Some of the top markets with high percentages of discounted sales since 2024 include Houston (69 percent), San Francisco (67 percent), Manhattan (64 percent), Washington, D.C. (64 percent) and Dallas (61 percent).
This trend is primarily hitting CBDs, where 70 percent of properties sold at lower prices. Meanwhile, the figure hit 45 percent for urban areas outside CBDs. Suburbs, meanwhile, fared best, with discounted sales accounting for only 39 percent of all deals since 2023.
The total national office transaction volume hit $27 billion this year through July, with assets trading at an average of $182 per square foot.

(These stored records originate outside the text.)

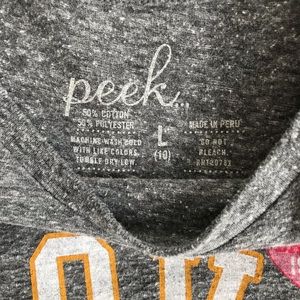 Peek Shirts & Tops - Adorable Peek T-shirt Peek Shirts & Tops - Adorable Peek T-shirt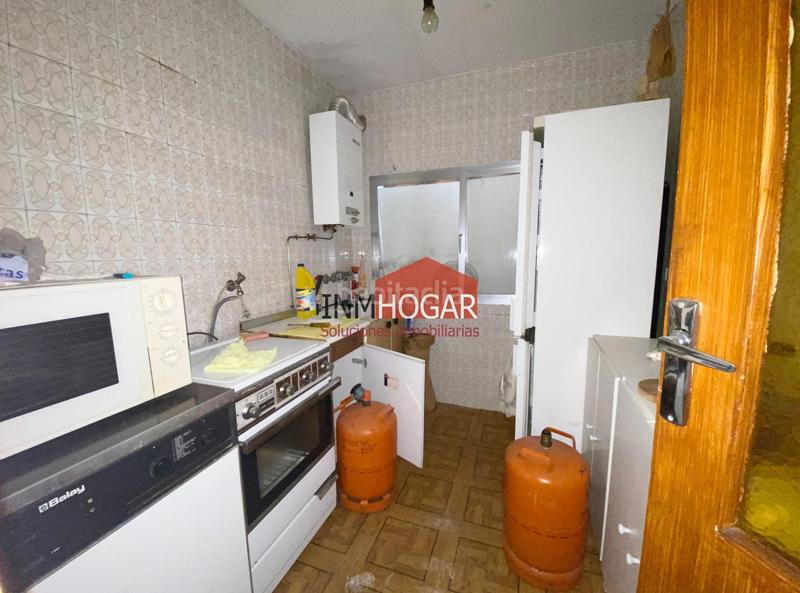 Foto e699f748-d9b7-4b65-a4f0-b94684582fe1. Casa con parcheggio in Torre (La)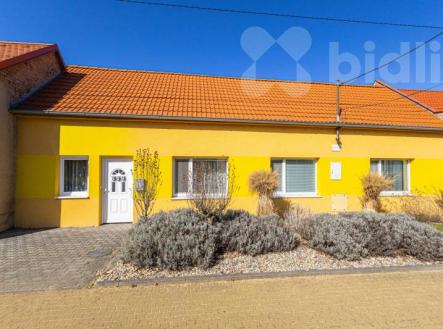 RD čelní | Prodej - dům/vila, 153 m²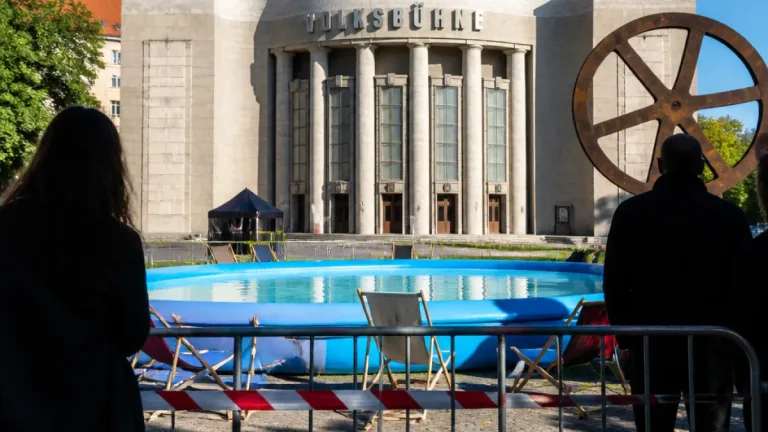 Volksbühne sagt Schwimm-Event für Schwarze Community ab – Sicherheitsbedenken nach Drohungen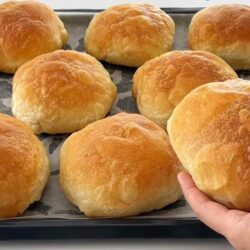 Puf Puf Kabaran İçi Kat Kat Çıtır Börek Tarifi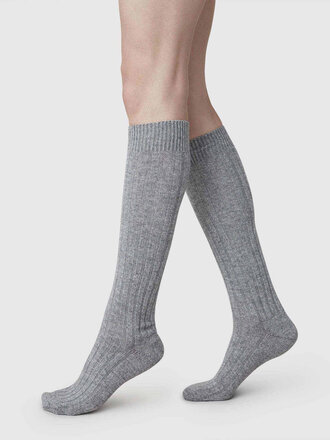 Swedish Stockings Chaussettes au genou Bodil Chunky . Grey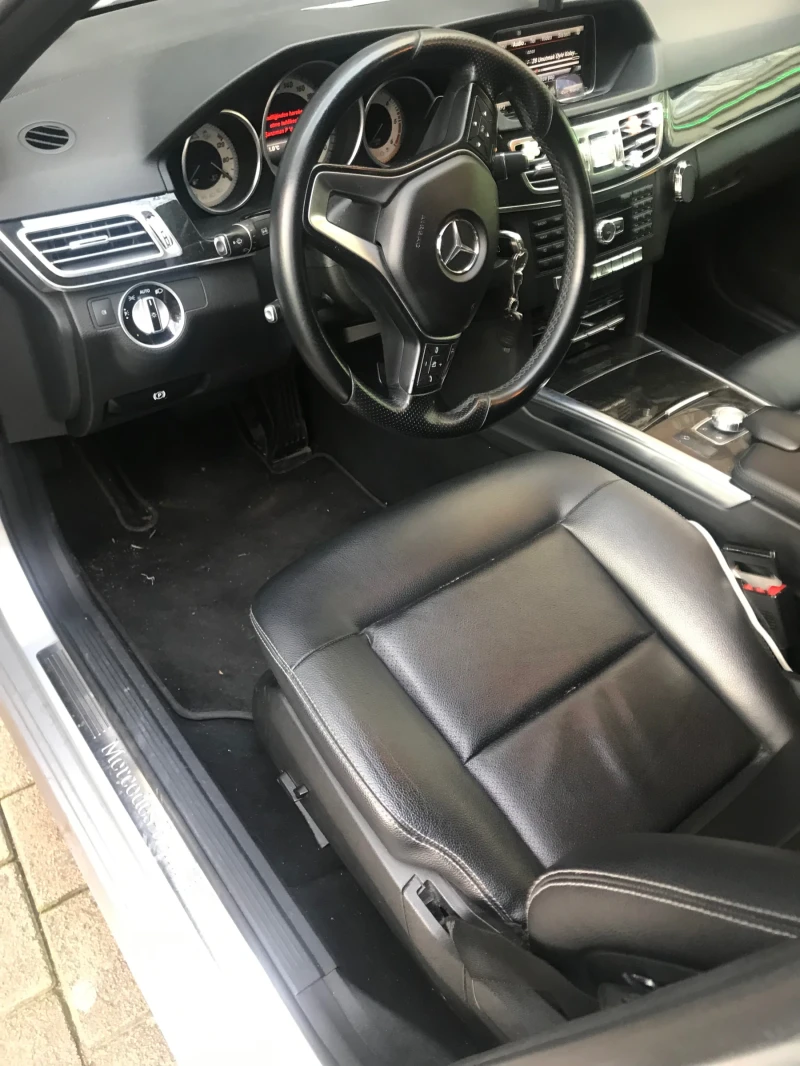 Mercedes-Benz E 200 AVANGARD , снимка 9 - Автомобили и джипове - 53582761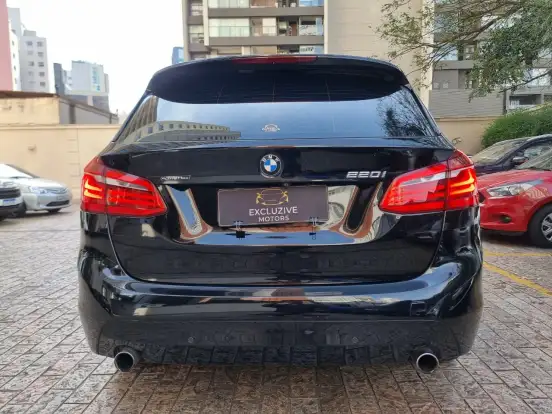 BMW-220i-2018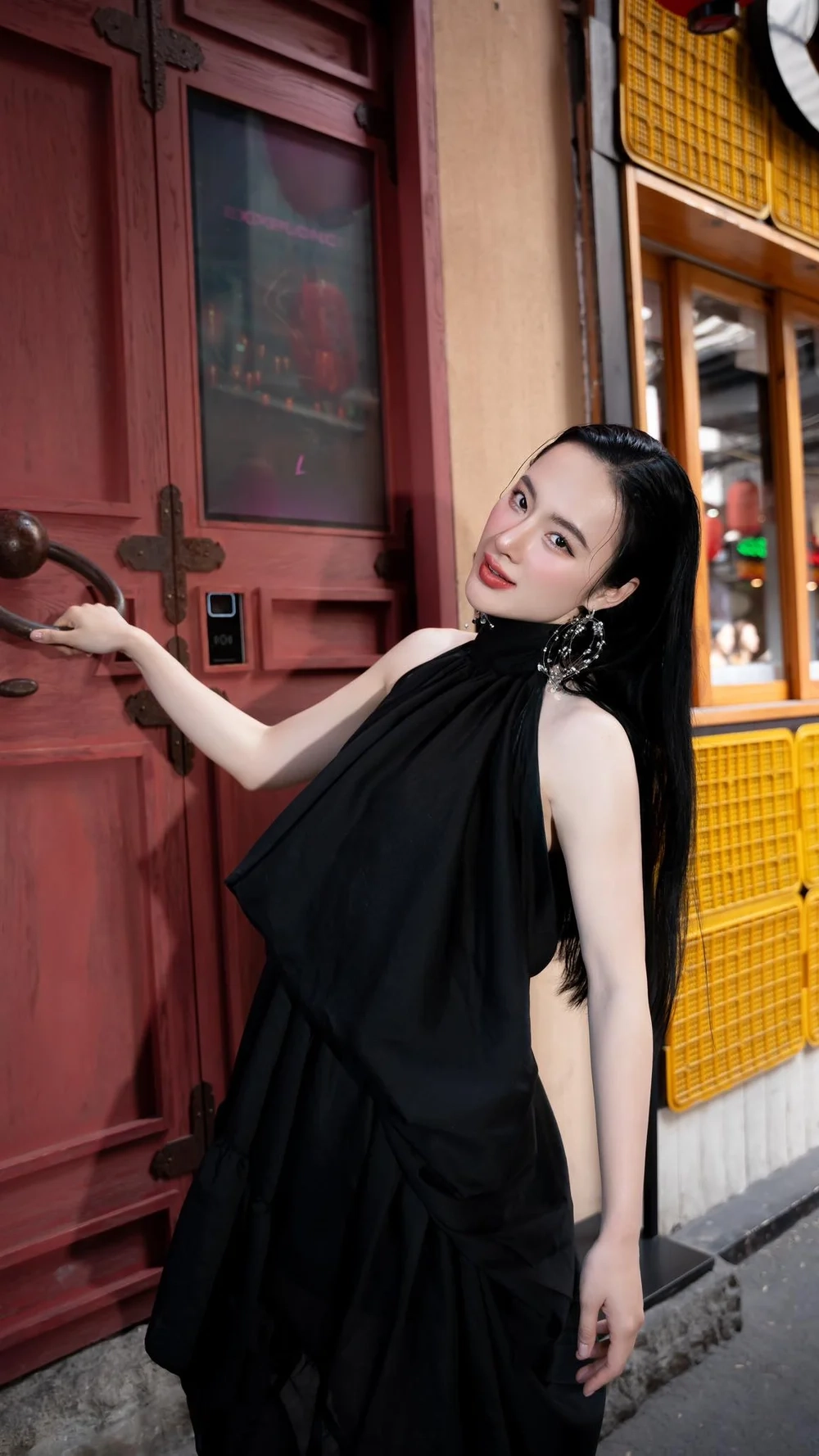 Gây sốt cộng đồng mạng Angela Phương Trinh bao nhiêu tuổi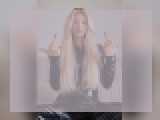Adult chat with 00BlondeFit00: Kissing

Manhattan, while still the largest office market in the country, landed in the third spot, with $3.1 billion in deals. The new leader, the Bay Area, recorded $3.1 billion in sales, followed by Washington, D.C.’s $2.9 billion. Discounted deals are expected to continue, as loans extensions are declining and underperforming assets are expected to drive prices some more, making space for a variety of investors and conversions.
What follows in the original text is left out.